Stored data entries:
Content starts

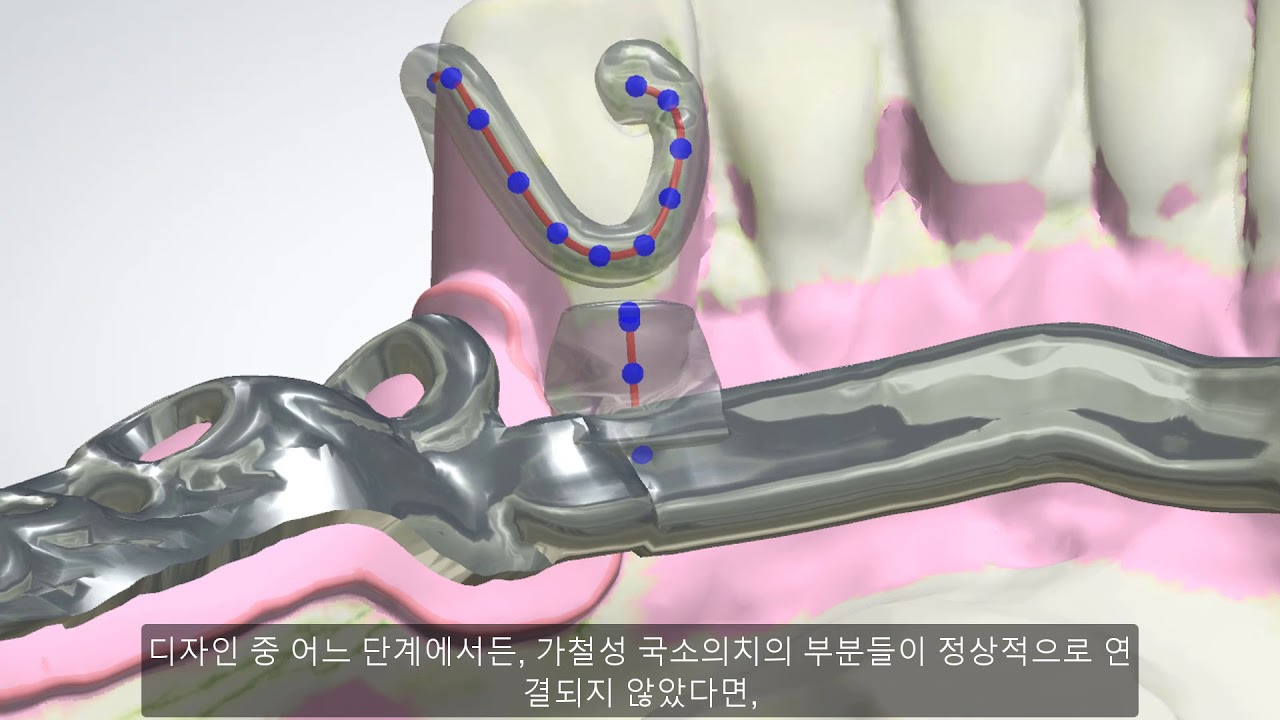 3Shape 덴탈시스템 – RPD 디자인 – 3Shape Dental System – RPD Design
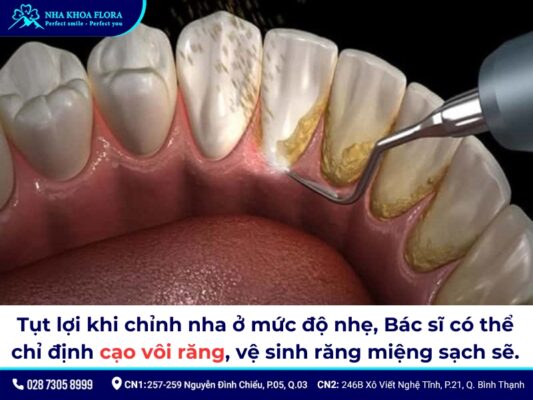 tụt lợi khi niềng răng - ảnh 7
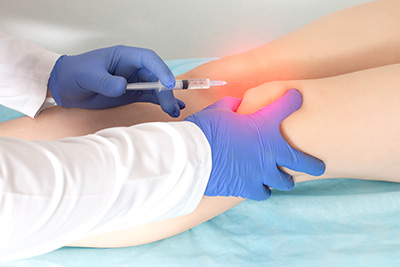 How PRP Therapy is Revolutionizing Sports Injury Treatment | Center for Sports and Regenerative Orthopedics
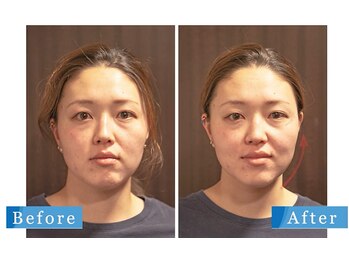 共立総合整骨院 八王子院/ビフォーアフター※個人差あり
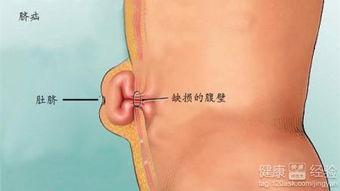 成人脐疝检查视频讲解,诊断与护理要点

Content ends

Copy every entry exactly, leaving out the pictures.

### Exercise solution
 3Shape 덴탈시스템 – RPD 디자인 – 3Shape Dental System – RPD Design
 tụt lợi khi niềng răng - ảnh 7
 How PRP Therapy is Revolutionizing Sports Injury Treatment | Center for Sports and Regenerative Orthopedics
 共立総合整骨院 八王子院/ビフォーアフター※個人差あり
 成人脐疝检查视频讲解,诊断与护理要点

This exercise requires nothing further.